Exercise brief >>
Please repeat only the lines below starting at the line that holds "Building Photo - 221 Parkway Dr" and ending at the line that holds "Used 2020 Kia Sportage LX AWD/4WD image 10", exactly, with both of those lines included and every picture omitted.

Records supplied >>
* * * * * * * * *

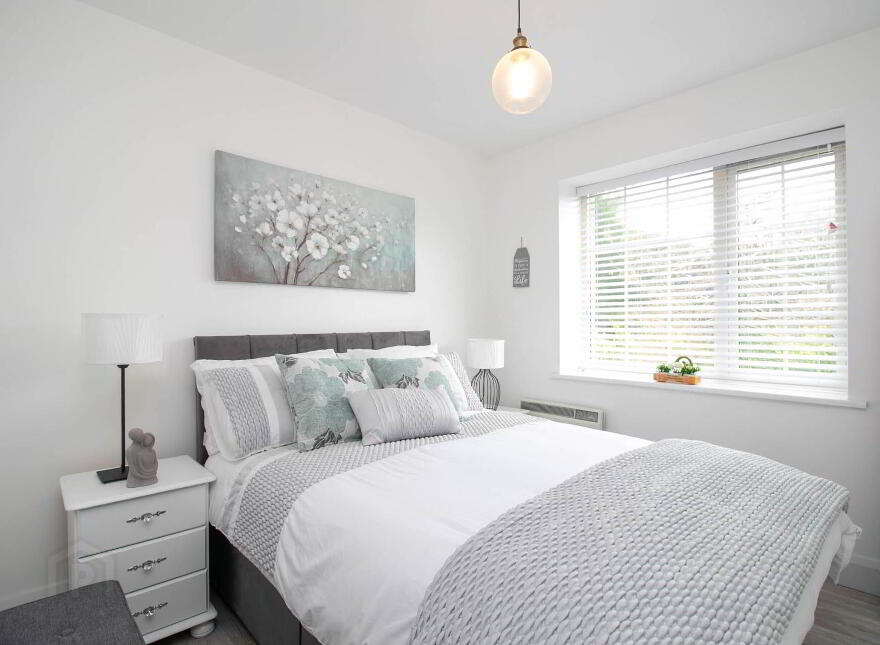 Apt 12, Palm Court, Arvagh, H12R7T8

* * * * * * * * *

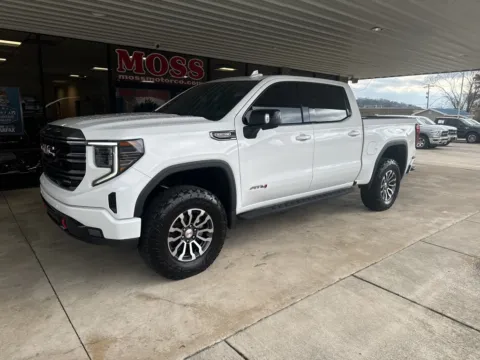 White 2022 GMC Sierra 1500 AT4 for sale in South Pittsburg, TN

* * * * * * * * *

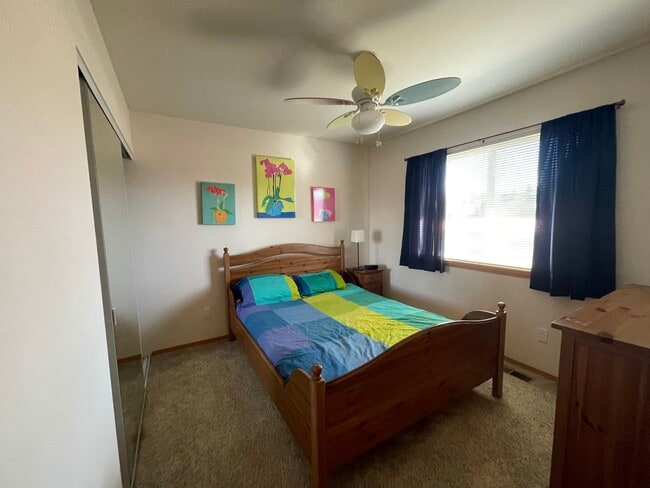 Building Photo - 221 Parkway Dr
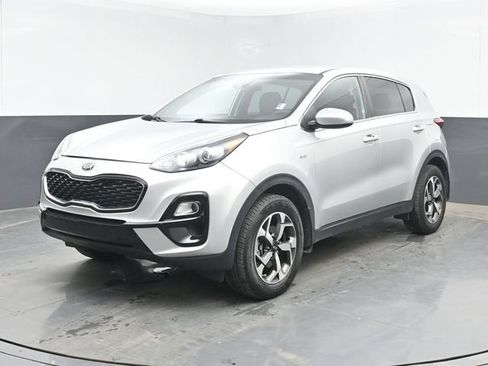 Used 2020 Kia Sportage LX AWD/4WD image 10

* * * * * * * * *

Task result >>
 Building Photo - 221 Parkway Dr
 Used 2020 Kia Sportage LX AWD/4WD image 10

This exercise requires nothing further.